For the xori instruction, the specification constrains $reg[rd] = reg[src1]$ ^ $imm$ . Since we have verified the register file, we only need to check that the write data, destination, and write enable signals in the WB stage are correct. Below shows the implementation of xori verification. xori_trigger means there is a valid xori in WB stage, and xori_result is the golden value this instruction should write-back to regfile.

Implementation

logic [31:0] xori_result;
assign xori_result = (wb_rs1) ^ ({20'h0, wb_inst_dc.imm12_i});
logic xori_trigger;
assign xori_trigger = ((wb_inst_dc.opcode == OPC_I) && (wb_inst_dc.funct3 == XORI)) &&
    wb_pipeline_info.inst_valid;

property E2E_XORI_PRE_WB;
    @(posedge clk) disable iff (rst) xori_trigger |-> (core.wb_r == (xori_result));
endproperty : E2E_XORI_PRE_WB

property E2E_XORI_RD;
    @(posedge clk) disable iff (rst) xori_trigger |-> (core.wb_dst == wb_inst_dc.rd);
endproperty : E2E_XORI_RD

property E2E_XORI_WE0;  // rd == 0 -> must disable write;
    @(posedge clk) disable iff (rst) xori_trigger && !(|wb_inst_dc.rd) |-> (!core.wb_we);
endproperty : E2E_XORI_WE0

property E2E_XORI_WE1;  // rd != 0 -> must enable write;
    @(posedge clk) disable iff (rst) xori_trigger && |wb_inst_dc.rd |-> (core.wb_we == 1);
endproperty : E2E_XORI_WE1

Result

image

AUIPC

For the auipc instruction, the specification constrains that $$reg[rd] = pc + 4$$ Similar to xori, since we have verified the register file, we only need to check that the write data, destination, and write enable signals in the WB stage are correct.
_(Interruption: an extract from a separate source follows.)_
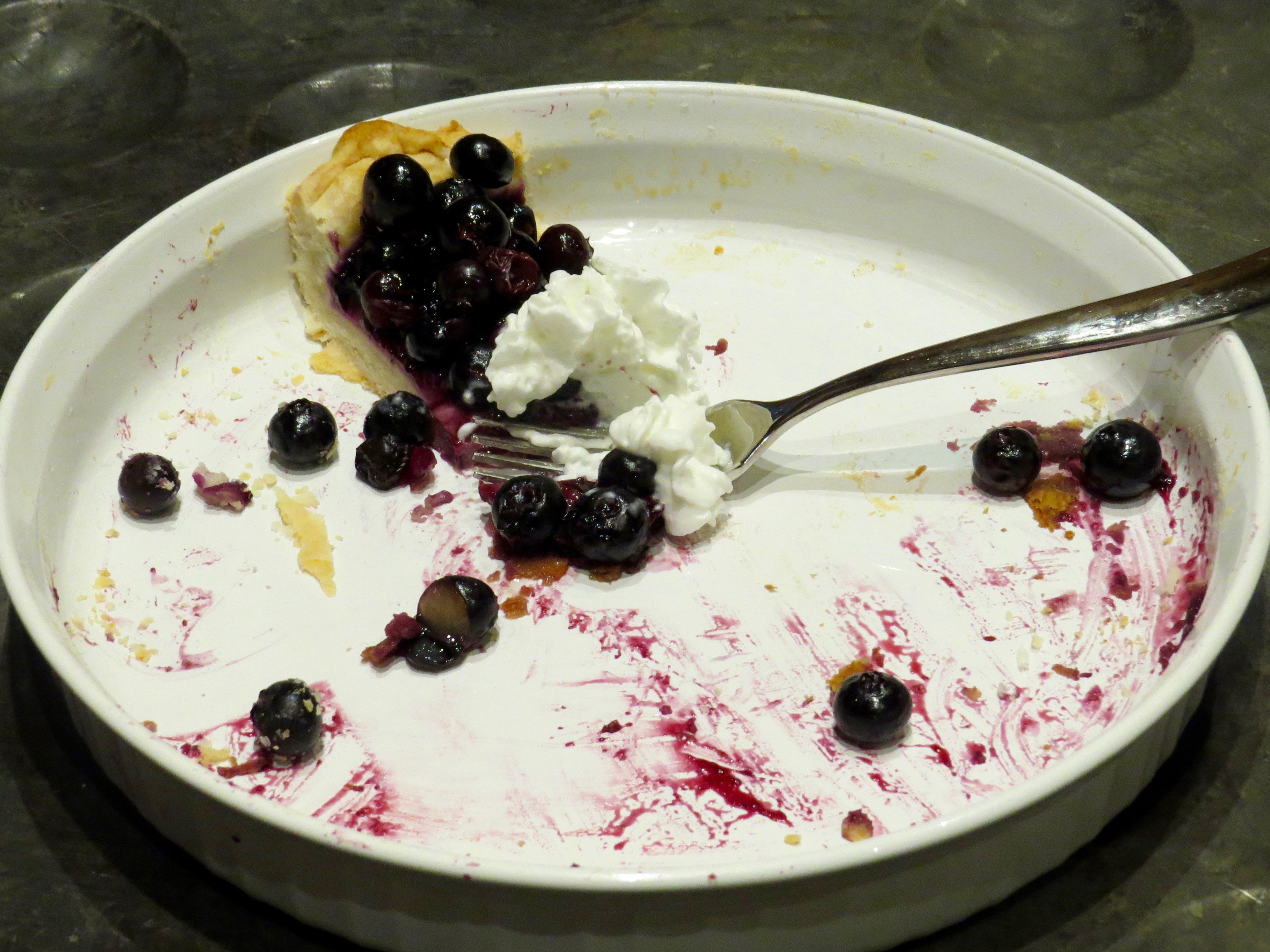 THE MORNING AFTER, FOR BREAKFAST  I ADDED SOME LEFTOVER WHIPPED CREAM AND FINISHED THE PIE. HERE'S PROOF THAT THE JUICE REMAINED IN THE BERRIES AND DIDN'T SEEP OUT ONTO THE TART DISH.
Below shows the implementation of auipc verification. auipc_trigger means there is a valid auipc in WB stage, and auipc_gold_res is the golden value this instruction should write-back to regfile.

Implementation

logic auipc_trigger;
logic [31:0] auipc_uimm;
logic [31:0] auipc_gold_res;
assign auipc_uimm = {wb_inst_dc.uimm_20, 12'b0};
assign auipc_gold_res = auipc_uimm + wb_pipeline_info.inst_pc.pc;
assign auipc_trigger = (wb_inst_dc.opcode == OPC_AUIPC) && wb_pipeline_info.inst_valid;
property E2E_AUIPC_PRE_WB;
    @(posedge clk) disable iff (rst) auipc_trigger |-> (core.wb_r == (auipc_gold_res));
endproperty : E2E_AUIPC_PRE_WB

property E2E_AUIPC_RD;
    @(posedge clk) disable iff (rst) auipc_trigger |-> (core.wb_dst == wb_inst_dc.rd);
endproperty : E2E_AUIPC_RD

property E2E_AUIPC_WE0;  // rd == 0 -> must disable write;
    @(posedge clk) disable iff (rst) auipc_trigger && !(|wb_inst_dc.rd) |-> (!core.wb_we);
endproperty : E2E_AUIPC_WE0

property E2E_AUIPC_WE1;  // rd != 0 -> must enable write;
    @(posedge clk) disable iff (rst) auipc_trigger && |wb_inst_dc.rd |-> (core.wb_we == 1);
endproperty : E2E_AUIPC_WE1

// invalid inst should never change reg file
property INVALID_NO_WEN;
    @(posedge clk) disable iff (rst) wb_pipeline_info.inst_valid == 0 |-> core.wb_we == 0;
endproperty : INVALID_NO_WEN

Result

image

BLT

For the blt instruction, the specification constrains: $$next_pc = (reg[rs1] &lt; reg[rs2])? (pc + imm) : pc$$ Since this instruction doesn’t write to the register file, we only check the pc value for the next valid instruction. To find the next valid instruction, we consider two cases. The first case is when the next instruction is valid, and the second case is when the next valid instruction occurs in the near future. We use blt_followed_by_valid_inst_immediately and blt_followed_by_invalid_inst_then_valid to represent these two cases, respectively.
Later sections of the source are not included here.